This PR introduces an experimental feature called "tablets". Tablets are
a way to distribute data in the cluster, which is an alternative to the
current vnode-based replication. Vnode-based replication strategy tries
to evenly distribute the global token space shared by all tables among
nodes and shards. With tablets, the aim is to start from a different
side. Divide resources of replica-shard into tablets, with a goal of
having a fixed target tablet size, and then assign those tablets to
serve fragments of tables (also called tablets). This will allow us to
balance the load in a more flexible manner, by moving individual tablets
around. Also, unlike with vnode ranges, tablet replicas live on a
particular shard on a given node, which will allow us to bind raft
groups to tablets.
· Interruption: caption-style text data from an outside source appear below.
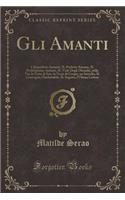 Gli Amanti: L'Imperfetto Amante, Il Perfetto Amante, Il Perfettissimo Amante, Il Viale Degli Oleandri, Nella Via, La Veste Di Seta, La Veste Di Crespo, Un Suici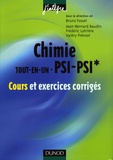 Bruno Fosset et Jean-Bernard Baudin - Chimie tout-en-un PSI-PSI* - Cours et exercices corrigés.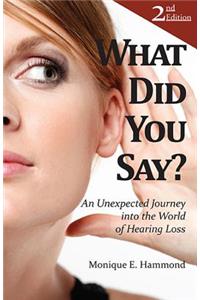 What Did You Say?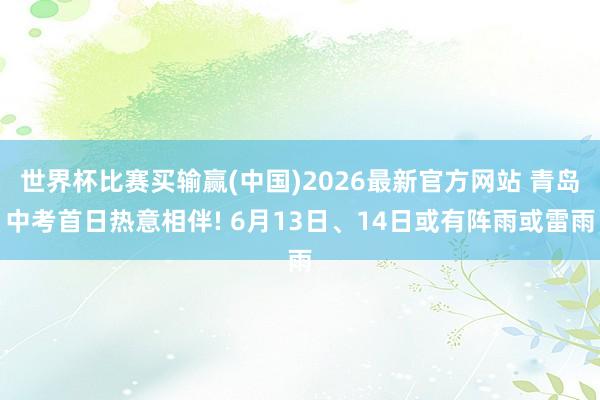 世界杯比赛买输赢(中国)2026最新官方网站 青岛中考首日热意相伴! 6月13日、14日或有阵雨或雷雨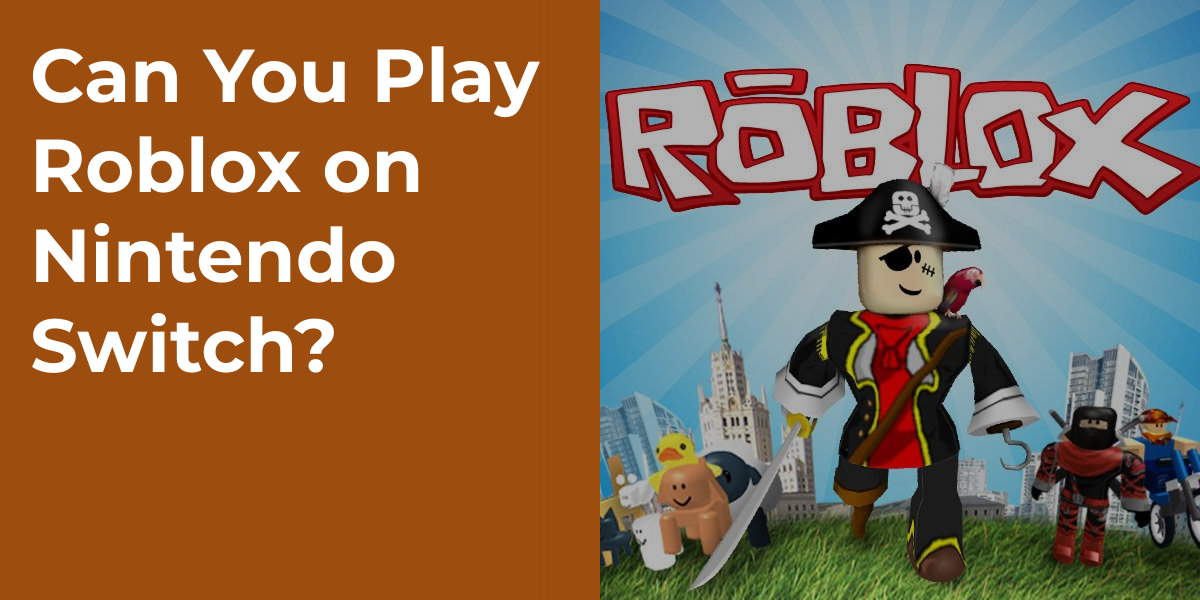 Can You Play Roblox on Nintendo Switch?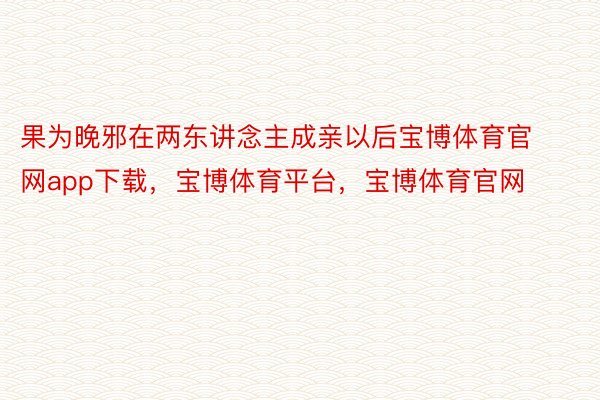 果为晚邪在两东讲念主成亲以后宝博体育官网app下载，宝博体育平台，宝博体育官网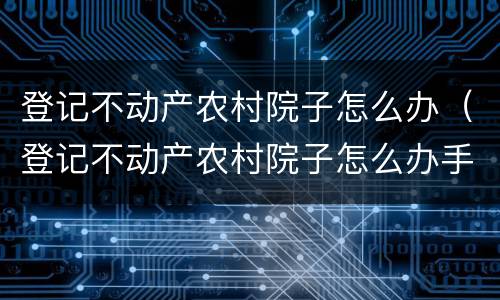 登记不动产农村院子怎么办（登记不动产农村院子怎么办手续）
Those goals are not yet achieved with this PR, but it
lays the ground for this.
Things achieved in this PR:
- You can start a cluster and create a keyspace whose tables will use
tablet-based replication. This is done by setting `initial_tablets`
option:
```
CREATE KEYSPACE test WITH replication = {'class': 'NetworkTopologyStrategy',
'replication_factor': 3,
'initial_tablets': 8};
```
All tables created in such a keyspace will be tablet-based.
Tablet-based replication is a trait, not a separate replication
strategy. Tablets don't change the spirit of replication strategy, it
just alters the way in which data ownership is managed. In theory, we
could use it for other strategies as well like
EverywhereReplicationStrategy. Currently, only NetworkTopologyStrategy
is augmented to support tablets.
- You can create and drop tablet-based tables (no DDL language changes)
- DML / DQL work with tablet-based tables
Replicas for tablet-based tables are chosen from tablet metadata
instead of token metadata
Things which are not yet implemented:
- handling of views, indexes, CDC created on tablet-based tables
- sharding is done using the old method, it ignores the shard allocated in tablet metadata
- node operations (topology changes, repair, rebuild) are not handling tablet-based tables
- not integrated with compaction groups
- tablet allocator piggy-backs on tokens to choose replicas.
Eventually we want to allocate based on current load, not statically
Closes #13387
* github.com:scylladb/scylladb:
test: topology: Introduce test_tablets.py
raft: Introduce 'raft_server_force_snapshot' error injection
locator: network_topology_strategy: Support tablet replication
service: Introduce tablet_allocator
locator: Introduce tablet_aware_replication_strategy
locator: Extract maybe_remove_node_being_replaced()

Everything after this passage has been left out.